To run the program, unplug the ICSP cable and plug in an external power source. If it works, congratulations! Else you've probably made a mistake somewhere, time to debug.
Debugging
Personally I had a lot of trouble with this hardware. After trying picp, picprog and piklab, I found out that the combination of chip and programmer that I had chosen didn't work with any linux programmer software. Mental note to always check if there was a linux support for hardware before you buy it.

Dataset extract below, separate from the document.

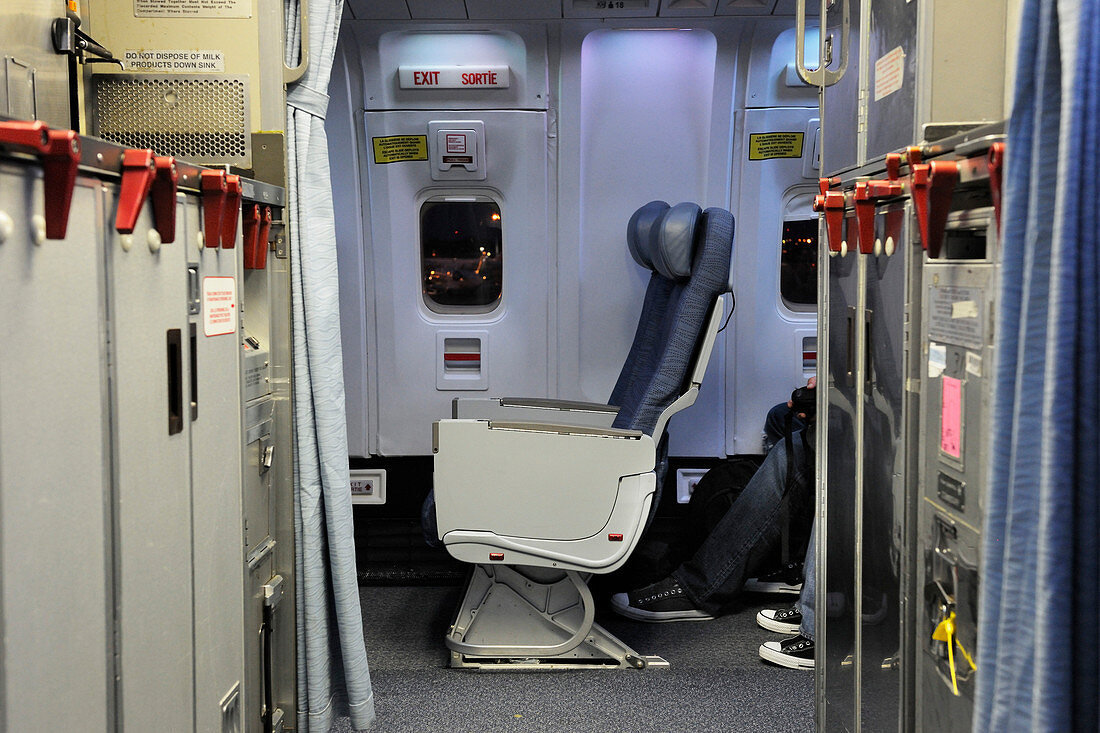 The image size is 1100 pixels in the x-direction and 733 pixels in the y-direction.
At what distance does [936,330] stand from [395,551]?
3.73 meters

One way to debug is to measure the voltage at the pins with a DMM. I've also written code that flashes the LED after each line and counted the flashes until the program breaks. With more complicated programs, you can use a button to step through lines of your code and measure the pins with a DMM after each line.
You will find all the information you ever wanted (and didn't want) to know from the Microchip data sheet on your paticular chip. Read the device overview and I/O summary.
Further programming
If you manage to get the blink program working, congratulations! Try modifying the code so that the button turns the LED on or off (see Figure 1). Or, if you can do that, randomize the blink delay each time the button is pressed. The possibilities are many. Happy programming.
Optional: Makefile
If you're doing a lot of building, you can use a Makefile to simplify the process. For example:
# hardware
CHIP = 18f4550
FAMILY = pic16
PORT = /dev/ttyUSB0
DEV = psp
# C compiler, assembler, programmer
CC = sdcc
PR = piklab-prog
DA = gpdasm
CFLAGS = -m$(FAMILY) -p$(CHIP) --use-non-free --Werror --opt-code-size
PFLAGS = --target-self-powered true --extra-debug -p $(DEV) -d $(CHIP) -t $(PORT)
.PHONY : all read write verify erase clean
all : blink.hex connect write verify
read :
$(PR) $(PFLAGS) -c read ofile.hex > read.log
connect :
$(PR) $(PFLAGS) -c connect > conn.log
write :
$(PR) $(PFLAGS) -range eeprom -c program blink.hex > write.log
verify:
$(PR) $(PFLAGS) -c verify blink.hex
erase :
$(PR) $(PFLAGS) -c erase
$(PR) $(PFLAGS) -c blank_check
clean :
rm -f *.o *.cod *.hex *.lst *.err *.asm *.log
blink.hex : blink.c
$(CC) $(CFLAGS) blink.c
Note: if you copy and paste this Makefile, ensure that the whitespaces are tabs NOT spaces or Make will complain.